Updating Hello Code With Minimal Vector Table & Handlers
Between your start up function and the linker file the idea is to defend the expected amount of space at the expected location and fill it with either useful or guaranteed harmless information.
My first example will only specify Cortex-M0+ needed values. Since embedded chips are small it’s not uncommon to not leave space for the features of the chip you know your code (AND CIRCUIT!) won’t use.
.syntax unified
.cpu cortex-m0
.fpu softvfp
.thumb
@ vector_table will be at the top of text, because it is at the top of text
@ and we have no other files.
.text
vector_table:
.word sp_initial_value //edge of stack, set in linker
.word reset_handler //reset handler
.word nmi_handler
.word hard_fault_handler
.word 0//not in M0+
.word 0//not in M0+
.word 0//not in M0+
.word 0//not in M0+
.word 0//not in M0+
.word 0//not in M0+
.word 0//not in M0+
.word svc_handler
.word 0//not in M0+
.word 0//not in M0+
.word pendsv_handler
.word systick_handler
.weakref nmi_handler, default_handler
.weakref hard_fault_handler, default_handler
.weakref svc_handler, default_handler
.weakref pendsv_handler, default_handler
.weakref systick_handler, default_handler
.word default_handler
.thumb_func
default_handler:
ldr r3, =#0x8BADF00D
@ hangs the program.
b .
.global reset_handler
.thumb_func
reset_handler:
LDR r0, =sp_initial_value
MOV sp, r0
LDR r7, =0xF0CACC1A
MOVS r0, #0
main_loop:
@ Add 1 to register 'r0'.
ADDS r0, r0, #1
@ Loop back.
B main_loop
I’m using a different syntax than the the vivonomicon version. This version of the code WILL NOT WORK for non-thumb mode arm processors. I’ll revert to that more core flexible syntax, using the gcc assembler directive .type, in code where I care about portability.
Each interrupt gets a weakref
(search on this gnu docs page) to a default handler function. This lets a future user of this code override their values in another file. I could have just put default_handler
everywhere I put a unique function name in the vector table. You might see this weak ref creation in other files as:
.weak SysTick_Handler
.thumb_set SysTick_Handler, Default_Handler
A different flavor of assembly (armasm, not the now recommended by Arm gccasm) in some of the official docs
SysTick_Handler PROC
EXPORT SysTick_Handler [WEAK]
B .
ENDP
Handled by a macro as suggested in Arm provided code (set vs thumb_set depending on the instruction set)
.macro IRQ handler
.weak \handler
.set \handler, Default_Handler
.endm
IRQ SysTick_Handler
Or even good old
void SysTick_Handler(void) __attribute__ ((weak, alias ("Default_Handler")));
These all serve the same purpose.
Another thing you might see in thumb mode vector tables is + 1
to the function address or some .align N
where N is odd before a function declaration later in the code or something somewhere that shifts the handler addresses so the least significant bit of the address will be 1. I put some links in the assembly link section above and yesterday that cover how the assembler can tell if it should be using 16 or 32 bit instructions by the lsb. It comes up a lot.
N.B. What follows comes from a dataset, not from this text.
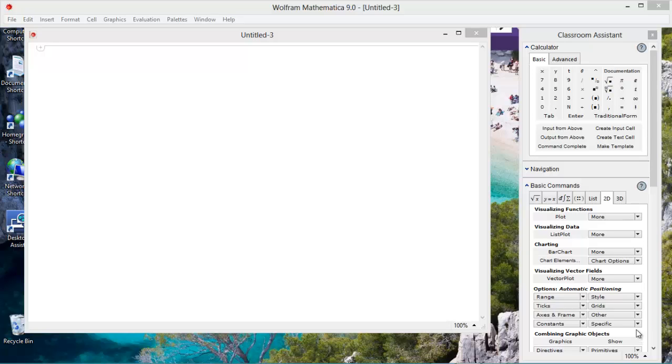Mathematica has always lent itself to being able to be used with interactive whiteboards, so now I'm going to try it with this touch tablet PC.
- https://stackoverflow.com/questions/27118795/cortex-m0-linker-script-and-startup-code/27128307#27128307
- https://stackoverflow.com/questions/77060865/thumb-func-directive-is-not-accounted-for
- https://stackoverflow.com/questions/4423211/when-are-gas-elf-the-directives-type-thumb-size-and-section-needed
- https://wiki.segger.com/Correct_typing_of_Thumb_functions
- https://community.arm.com/support-forums/f/architectures-and-processors-forum/4167/difference-between-thumb-machine-directives
Thankfully .thumb_func
should be taking care of that for me. The =mthumb
in the gcc calls should do that too when using the .type directive. (.type name, %function
), but I haven’t confirmed that yet.
Mildly Improving the Linker
This program relies on the vector table being defined in the one source file immediately after the .text
compiler directive is invoked. I’ll make a more resilient set up next. The compiler already has opinions about what to do with .text, so you could leave it out in other circumstances.
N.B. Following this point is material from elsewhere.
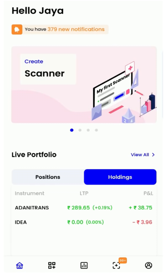Since I already have a Kite login account with Zerodha, I can simply use the credentials to log into the Streak platform. There is no need for a separate login as Streak is deeply integrated with Kite. The first thing you would notice is that the whole look and feel of the app has changed, and so has the navigation.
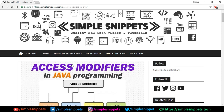Hey, what's going on guys? Tanmay here from Simple Snippets. In today's video tutorial on core Java programming, we're going to be covering the topic of access modifiers. If you've been watching this playlist, in the previous couple of videos we saw inheritance in Java and also the concept of packages. If you missed those videos, I'll link the playlist in the description. Make sure you watch those videos before this one.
How does this differ from the previous file?
- changes the entry point officially ENTRY
- uses the SECTIONS command with some of the linker software special-treatment section names (text, data, bss) [todo links]
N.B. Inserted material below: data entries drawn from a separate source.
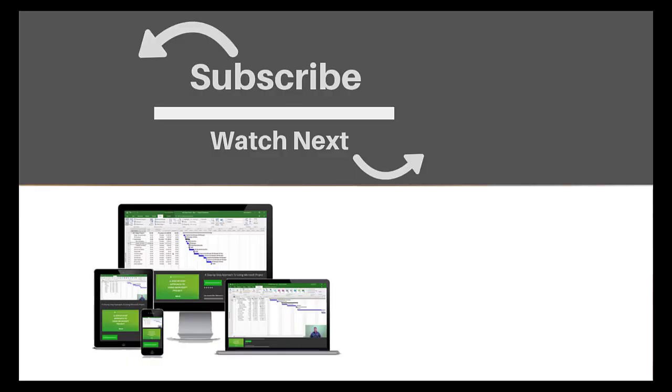If you enjoyed this video, make sure you like and subscribe to our channel. Hope to see you for the next tutorial. Thanks for watching.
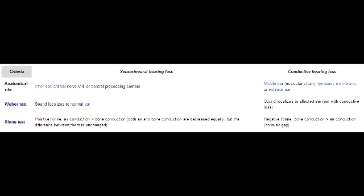In conductive hearing loss, there is going to be an abnormal Rinne test because the bone conduction at the mastoid process is going to be greater than the air conduction. In conductive hearing loss for Weber test, the sound is going to be heard better in the affected ear.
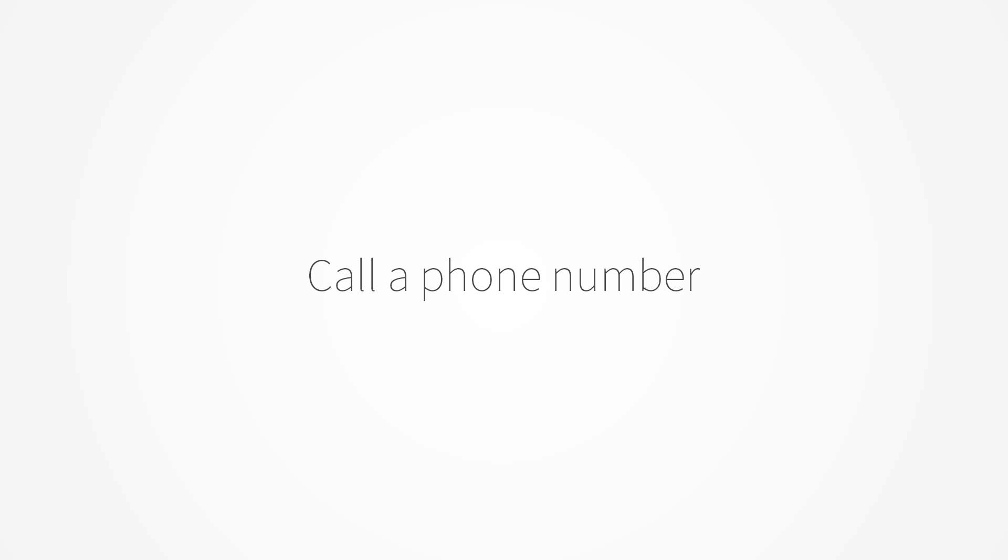To start, you simply dial your local Cisco Spark Voice Control number and enter your PIN. Welcome to Spark. Please enter your four-digit PIN number.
- sweeps in those sections from ALL files.
- places those sections with > AT based on the defined memory locations
ENTRY(reset_handler);
MEMORY {
flash(rx): ORIGIN = 0x00000000, LENGTH = 0x00040000 /*256K*/
sram(rwx): ORIGIN = 0x20000000, LENGTH = 0x00008000 /*32K*/
}
sp_initial_value = ORIGIN(sram) + LENGTH(sram); /* 0x20008000 */
SECTIONS {
.text : { *(.text) } > flash
.data : { *(.data) } > sram AT> flash
.bss : { *(.bss) } > sram
}
More links on linker files later.
B - Separating the Startup from The Program Code
This code works (use the makefile), but it’s still fragile. What the chip needs and our wants are all mushed together and everything relies on putting things in the right place in the file. And we haven’t even done some of the important startup basics.
1 - Pull out the Main Loop, Still one File
First I changed hello_improved to hello_main, pulling out the loop in the same file via branching. I did not following all the proper calling conventions.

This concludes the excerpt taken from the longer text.